# silkies male or female



## teddy (Sep 6, 2012)

Can anyone tell me what sex these are? I know the picture is not that big. Is there some way to tell the difference like hackle feathers.


----------



## robin416 (Sep 8, 2013)

It appears the one on the right running towards something is female. The others? No clue because you're right the pic isn't great.

Go here, I identified most of the males and females in the pics. You can see the differences between the sexes: http://www.chickenforum.com/f10/hey-piglett-just-you-8002/


----------



## teddy (Sep 6, 2012)

Can anyone tell from these picture if male or female? Having issues getting good pictures.


----------



## Alexia15 (Jan 18, 2015)

Do need better pics, especially of the combs. Silkies get shiny hackle feathers I think. My guy got fancy long normal feathers too, he's buff and has very dark red wings, makes him look like he's wearing a coat or something.

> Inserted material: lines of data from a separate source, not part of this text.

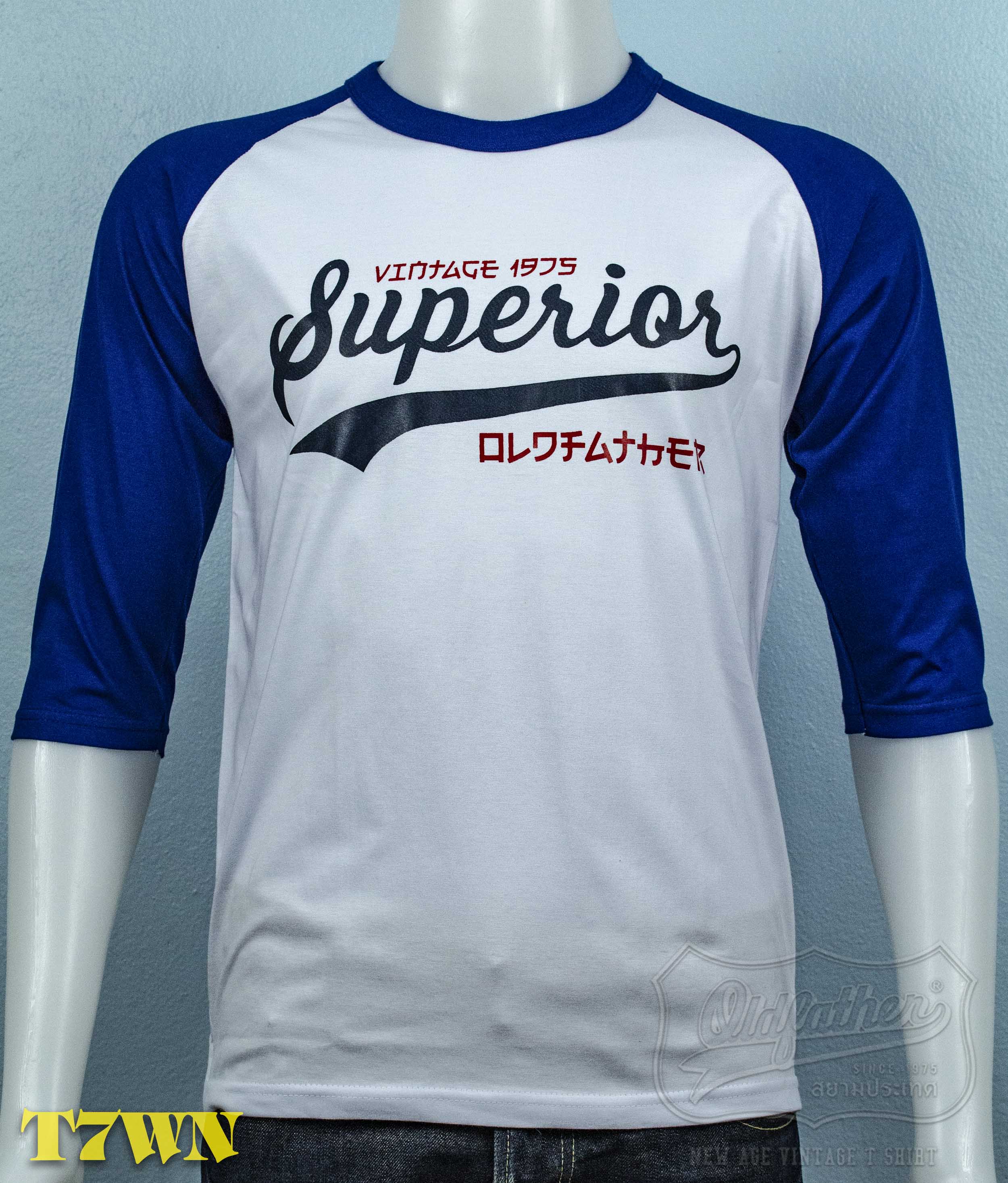 T 7 เสื้อแขนสามส่วนวินเทจ สกรีน Superior JP 1975 Vintage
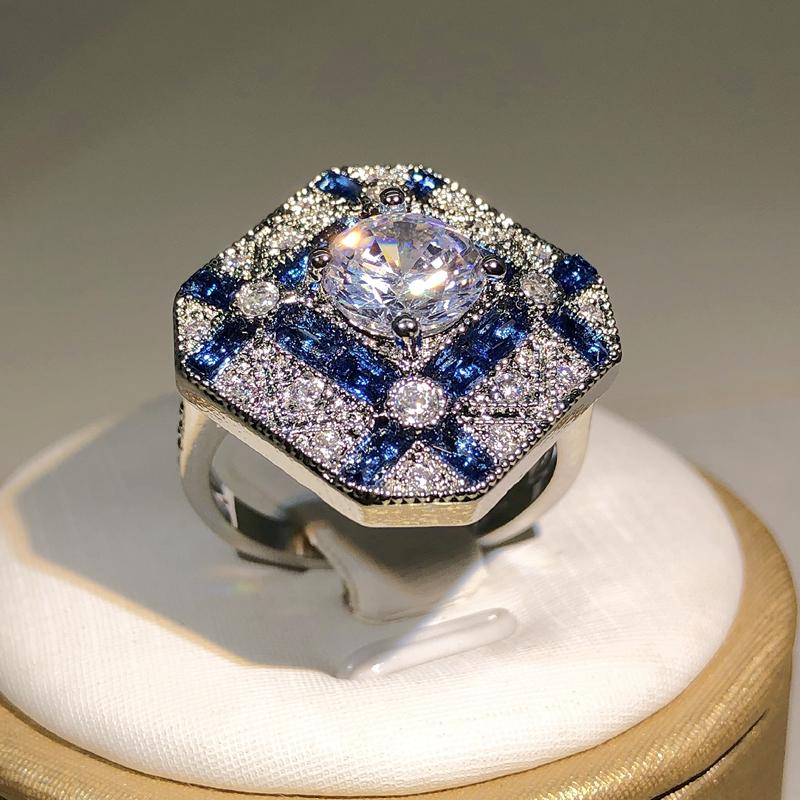 

медь Роскошная Геометрия Большие Кольца Для Мужчин Женщин Синий Белый Циркон Обручальное Кольцо Камень по рождению кольцо с сапфиром 8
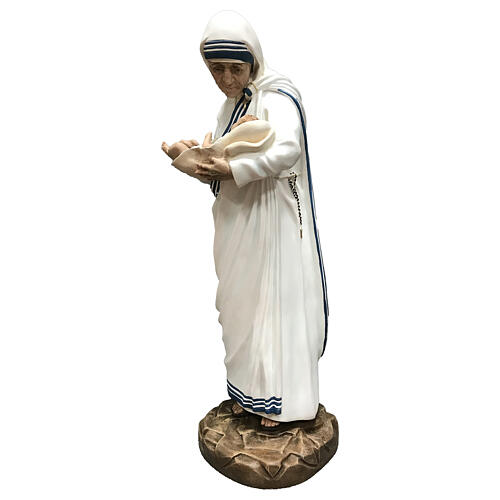 Statua Madre Teresa di Calcutta con bimbo vetroresina 60 cm 5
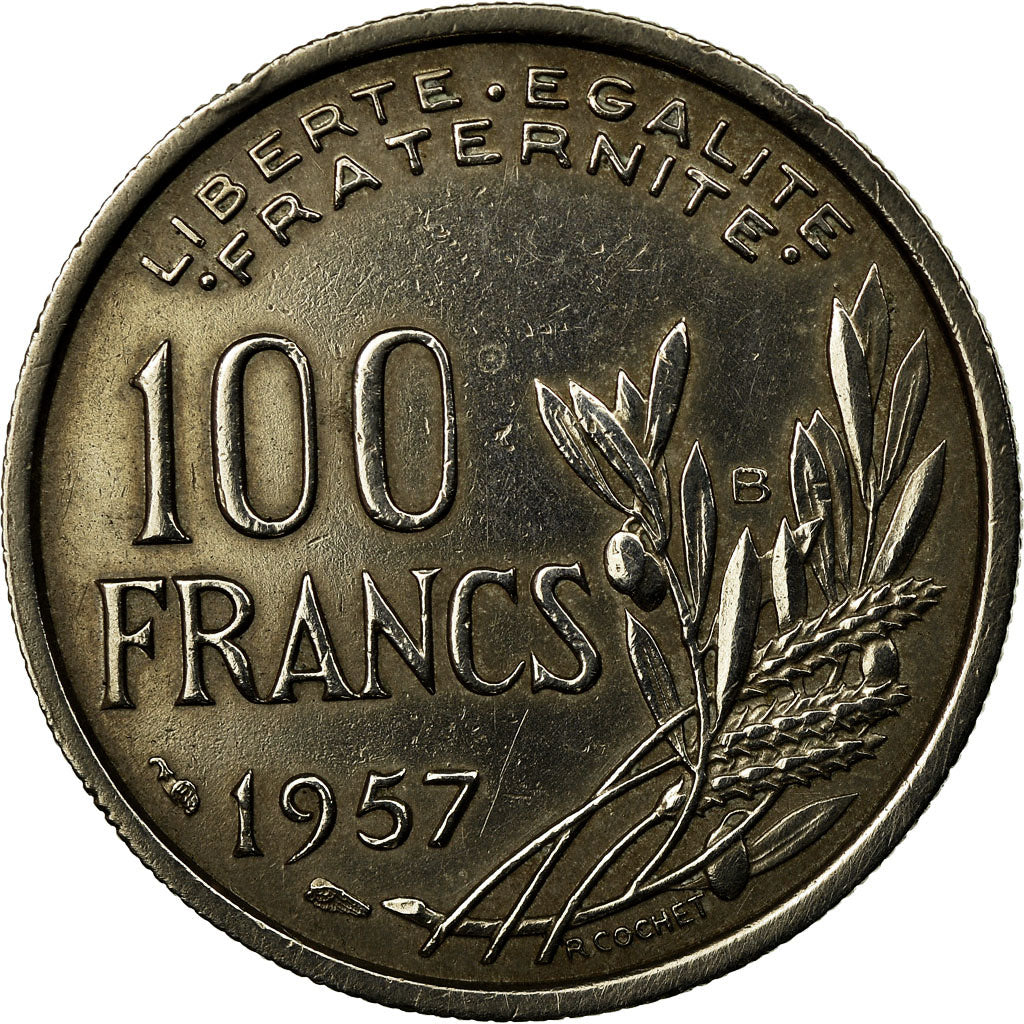 Munten, Frankrijk, Cochet, 100 Francs, 1957, ZF+, Copper-nickel, KM:919.1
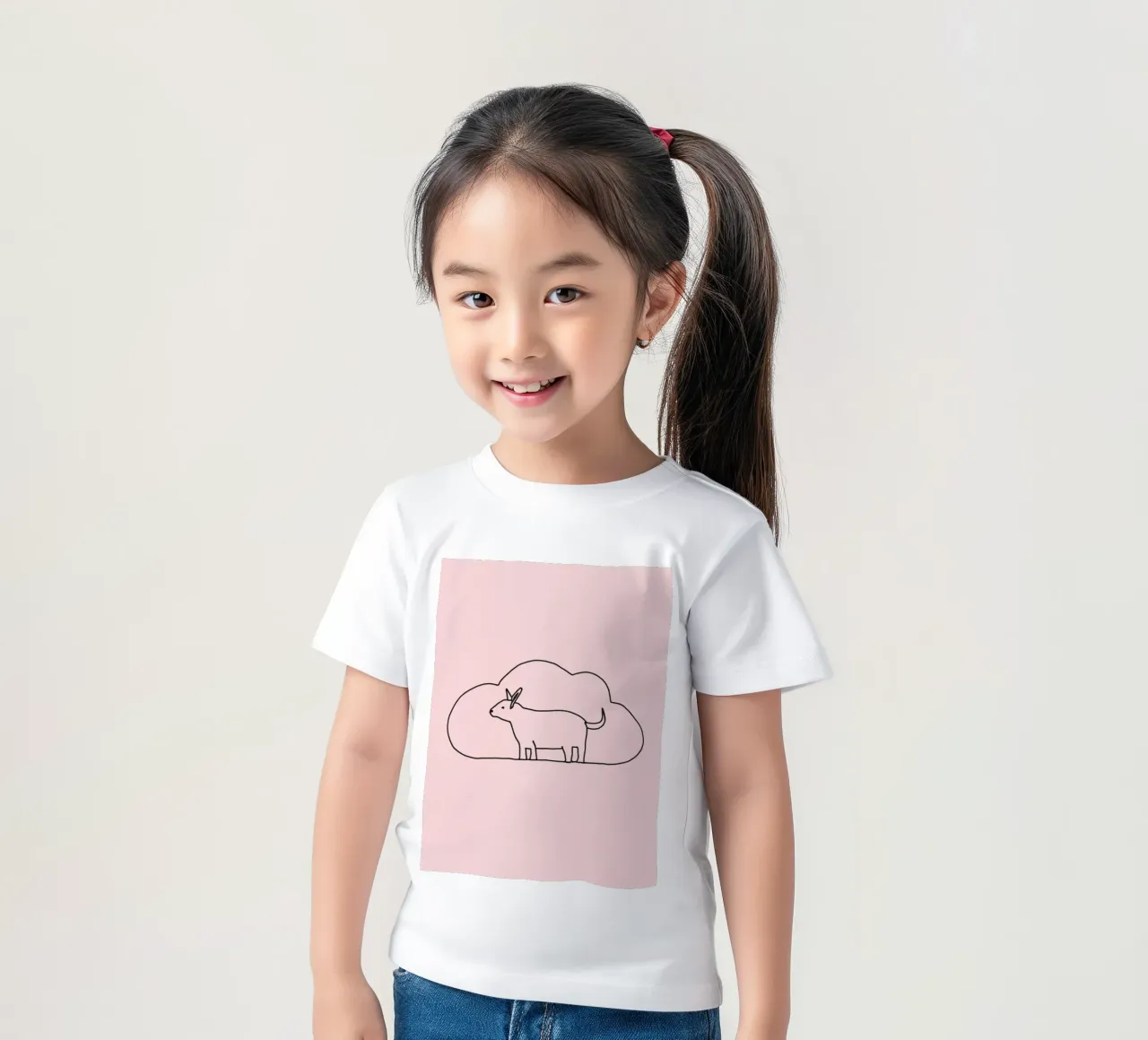 Goat standing against a simple cloud backdrop on a soft pink kids t-shirt by DesignDoodle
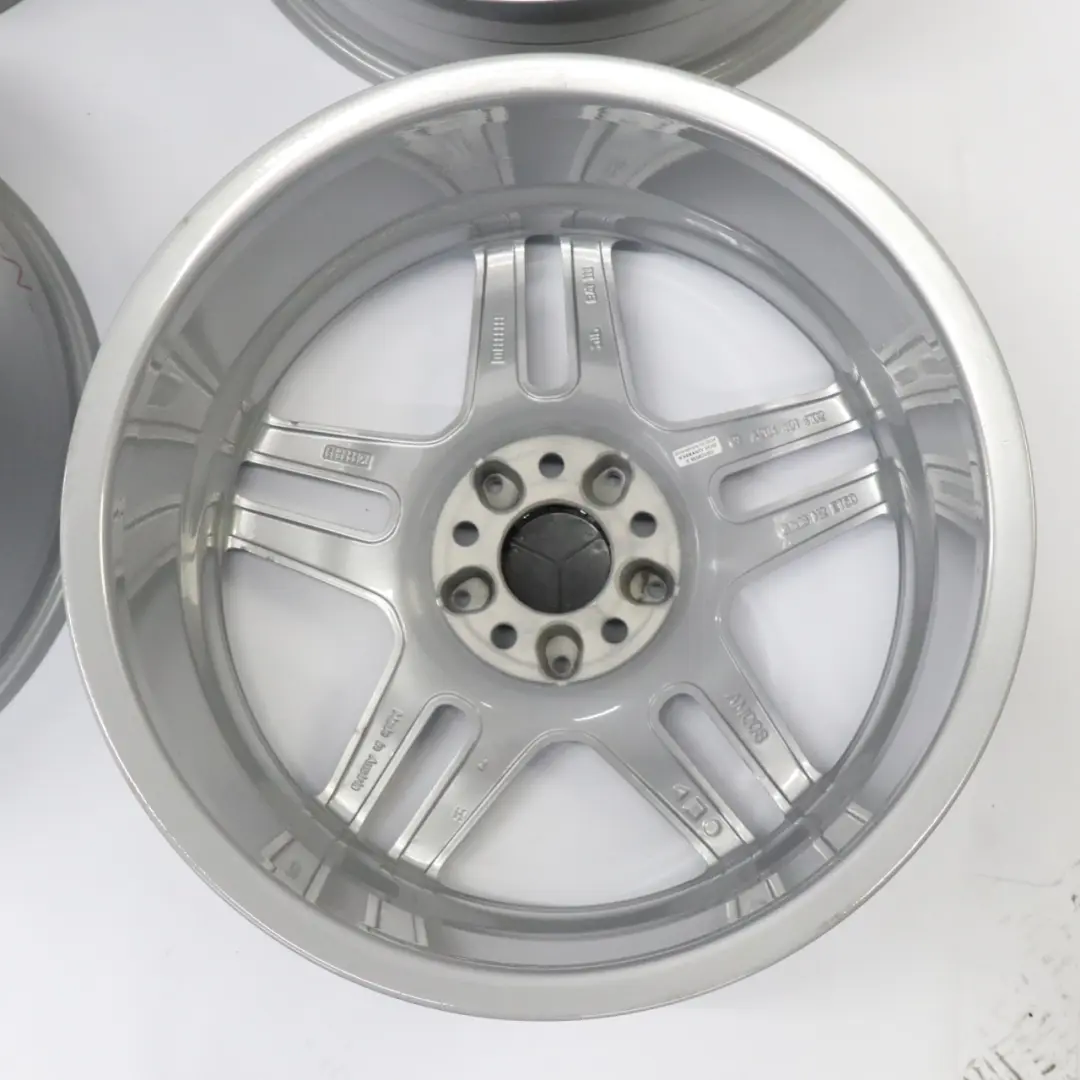 Complete Set 4x Alloy Wheel Rim 18" 5 Double Spoke to Mercedes W204 Silver AMG with Part number A2044014102 Mercedes W204 Silver AMG Complete Set 4x Alloy Wheel Rim 18" 5 Double Spoke - SKU A2044014102-A2044014202 - Part number A2044014102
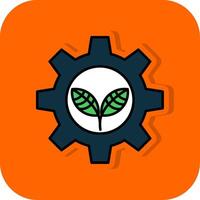 ecología lleno naranja antecedentes icono vector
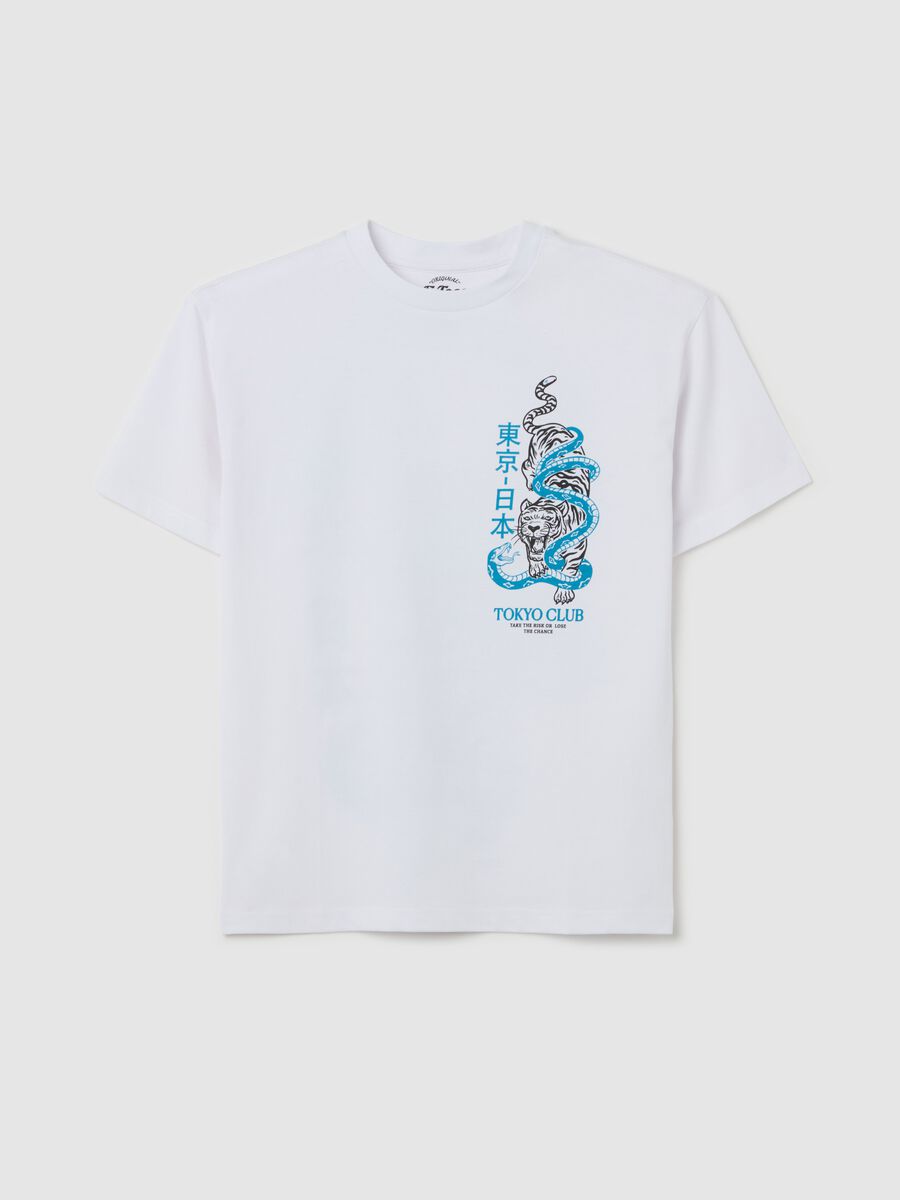T-shirt in cotone con stampa "TOKYO CLUB" e tigre_3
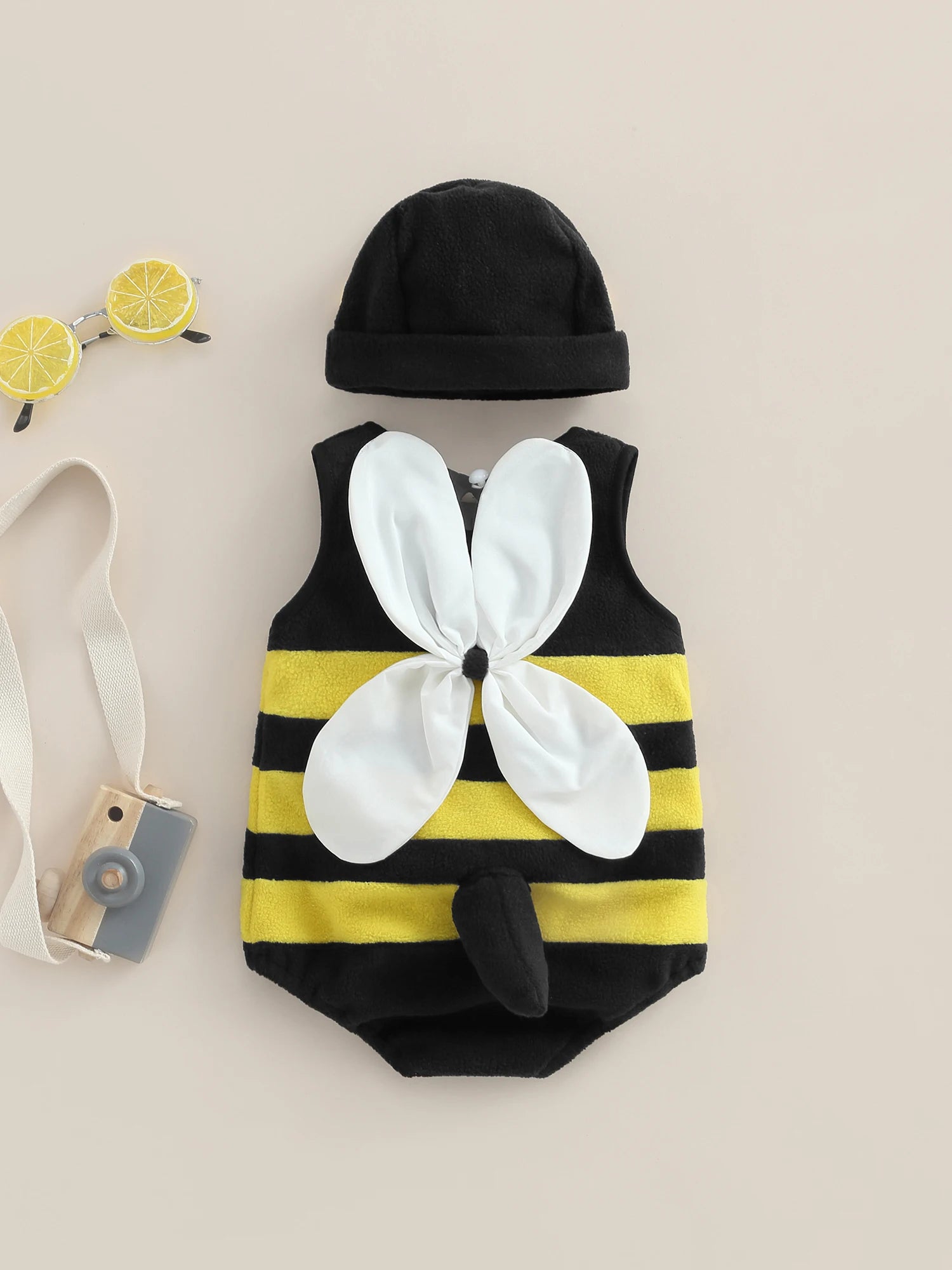 Newborn Baby Cute Bumblebee Custome with Hat 2Pcs 12-18 Months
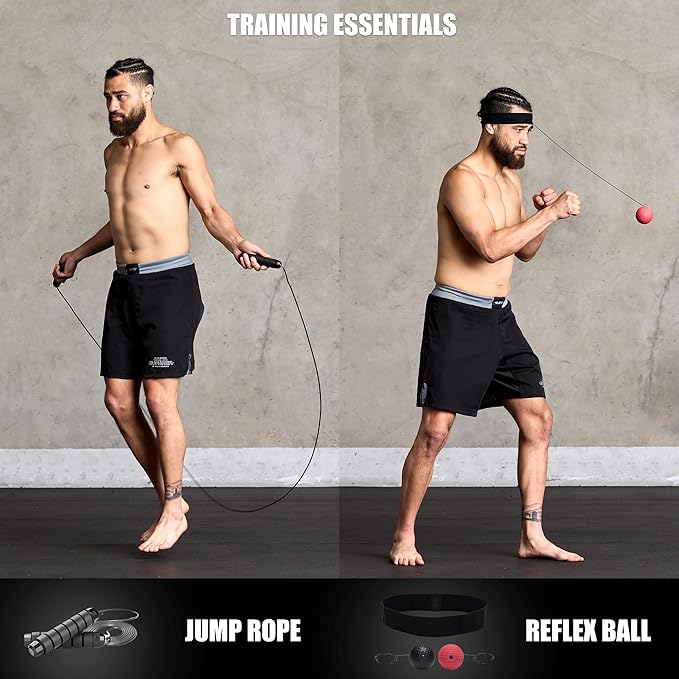 Elite Sports 4ft Boxing Bag, Punching Bag Set with 12oz Gloves, Hand Wraps, Jump Rope, Reflex Ball & Phone Holder - for Boxing, MMA, Kickboxing, Martial Arts, Home Gym (Unfilled)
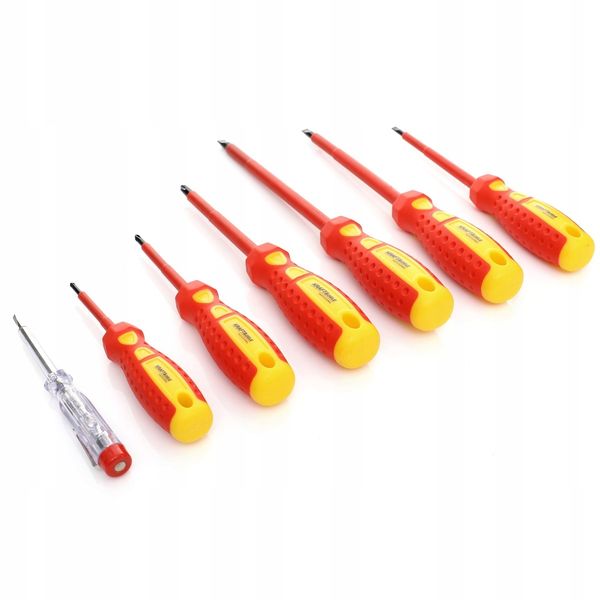 ZESTAW WKRĘTAKI ŚRUBOKRĘTY IZOLOWANE + PRÓBNIK DO PRĄDU PROBÓWKA TESTER x7 zdjęcie 6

As a wild guess I would maybe say the one in the far back standing up is a roo and others possible hens. Just as my guy would do that while his hens scratched around carefree.


----------



## feathertree (Feb 16, 2015)

The two dark ones look hen and the buff partridge looks roo. But you will need better photos for more accurate sexing. Photos of their faces included. How old are they?


----------